Although the Veil covered the frog lands completely, it unraveled at the ocean: Neither the scorpions nor the spiders ventured into the sea. So here, where the Veil drifted apart, Yabber could send his mind inside the great dreamcasting, and learn how to reverse it.
The croc paddled water. The sun crossed the sky. Waves splashed Yabber's shell, then flowed away as he puzzled through the old king's spell.
Finally, he told his croc, "I was right. I can't do it alone. Time to go home, to the Coves."
With a happy glint in her eyes, his croc snapped at a wave, then surged forward. Yabber almost laughed at her eagerness as they passed through the Veil completely.

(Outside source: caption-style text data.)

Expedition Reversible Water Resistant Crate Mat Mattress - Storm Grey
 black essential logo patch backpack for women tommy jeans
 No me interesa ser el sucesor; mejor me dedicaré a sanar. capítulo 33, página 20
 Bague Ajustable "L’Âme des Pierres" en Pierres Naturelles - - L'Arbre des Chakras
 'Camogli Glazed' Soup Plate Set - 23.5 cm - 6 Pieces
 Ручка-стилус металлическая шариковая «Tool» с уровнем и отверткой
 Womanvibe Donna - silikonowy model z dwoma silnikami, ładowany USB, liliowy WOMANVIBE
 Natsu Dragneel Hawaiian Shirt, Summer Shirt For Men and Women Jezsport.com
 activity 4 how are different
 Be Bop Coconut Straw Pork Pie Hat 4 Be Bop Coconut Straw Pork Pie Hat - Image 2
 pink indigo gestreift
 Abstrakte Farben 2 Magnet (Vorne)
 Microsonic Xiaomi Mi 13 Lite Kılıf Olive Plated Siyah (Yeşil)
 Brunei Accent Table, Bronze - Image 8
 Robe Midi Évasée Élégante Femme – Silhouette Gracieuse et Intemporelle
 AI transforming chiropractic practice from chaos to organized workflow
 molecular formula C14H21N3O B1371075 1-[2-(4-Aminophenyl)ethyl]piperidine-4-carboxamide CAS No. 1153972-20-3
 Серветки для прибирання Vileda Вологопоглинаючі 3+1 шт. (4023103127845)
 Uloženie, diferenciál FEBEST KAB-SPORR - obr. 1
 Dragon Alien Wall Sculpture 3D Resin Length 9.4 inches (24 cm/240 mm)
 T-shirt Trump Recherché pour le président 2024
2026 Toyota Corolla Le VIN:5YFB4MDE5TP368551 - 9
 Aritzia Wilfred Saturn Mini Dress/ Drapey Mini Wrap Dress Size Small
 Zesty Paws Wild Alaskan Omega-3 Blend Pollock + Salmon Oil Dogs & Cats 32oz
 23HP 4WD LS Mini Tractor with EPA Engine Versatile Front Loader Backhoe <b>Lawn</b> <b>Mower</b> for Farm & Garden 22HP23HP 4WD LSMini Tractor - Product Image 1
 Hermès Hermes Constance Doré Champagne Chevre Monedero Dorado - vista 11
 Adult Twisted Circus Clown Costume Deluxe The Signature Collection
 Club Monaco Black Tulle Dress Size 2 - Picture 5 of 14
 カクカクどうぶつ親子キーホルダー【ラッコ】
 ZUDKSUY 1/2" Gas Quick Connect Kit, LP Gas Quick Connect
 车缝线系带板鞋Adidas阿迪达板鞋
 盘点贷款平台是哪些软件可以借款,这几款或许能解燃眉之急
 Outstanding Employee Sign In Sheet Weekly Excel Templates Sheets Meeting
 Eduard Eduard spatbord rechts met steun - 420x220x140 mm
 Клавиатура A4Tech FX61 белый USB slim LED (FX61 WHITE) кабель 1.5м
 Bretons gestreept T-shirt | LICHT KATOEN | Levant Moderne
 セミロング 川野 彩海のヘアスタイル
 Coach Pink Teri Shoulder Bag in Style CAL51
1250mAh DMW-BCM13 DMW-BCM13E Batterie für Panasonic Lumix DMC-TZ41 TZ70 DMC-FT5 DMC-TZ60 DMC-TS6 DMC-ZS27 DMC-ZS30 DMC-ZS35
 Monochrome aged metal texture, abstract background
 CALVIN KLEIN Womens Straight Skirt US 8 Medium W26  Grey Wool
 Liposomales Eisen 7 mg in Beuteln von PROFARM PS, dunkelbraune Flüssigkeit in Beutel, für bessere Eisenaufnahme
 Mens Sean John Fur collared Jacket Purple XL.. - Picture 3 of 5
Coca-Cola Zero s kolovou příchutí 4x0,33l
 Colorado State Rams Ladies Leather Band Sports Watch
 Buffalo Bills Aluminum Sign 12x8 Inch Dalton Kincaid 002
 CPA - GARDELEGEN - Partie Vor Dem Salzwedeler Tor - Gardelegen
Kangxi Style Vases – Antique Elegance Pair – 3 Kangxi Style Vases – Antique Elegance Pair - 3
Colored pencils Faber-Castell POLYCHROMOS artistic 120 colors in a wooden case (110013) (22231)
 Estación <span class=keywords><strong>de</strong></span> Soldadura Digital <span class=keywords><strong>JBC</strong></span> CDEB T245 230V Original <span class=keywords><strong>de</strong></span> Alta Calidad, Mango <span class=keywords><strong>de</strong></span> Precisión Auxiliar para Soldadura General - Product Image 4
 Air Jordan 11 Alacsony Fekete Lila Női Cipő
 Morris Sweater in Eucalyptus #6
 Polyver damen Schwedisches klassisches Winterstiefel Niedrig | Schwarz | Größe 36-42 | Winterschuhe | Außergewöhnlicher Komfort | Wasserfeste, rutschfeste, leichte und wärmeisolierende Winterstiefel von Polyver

Then the air shimmered around them, and a nightmare vision flashed in his mind, perhaps triggered by passing through the Veil. The frog villages lay in rubble, the streams are bone dry. The green Amphibilands are withered to a dead brown as scorpions and spiders crawl over the ruins.
Yabber gasped in fear as the vision vanished. "Is that what happens if we do lower the Veil?" he muttered. "Or if we don't lower the Veil?"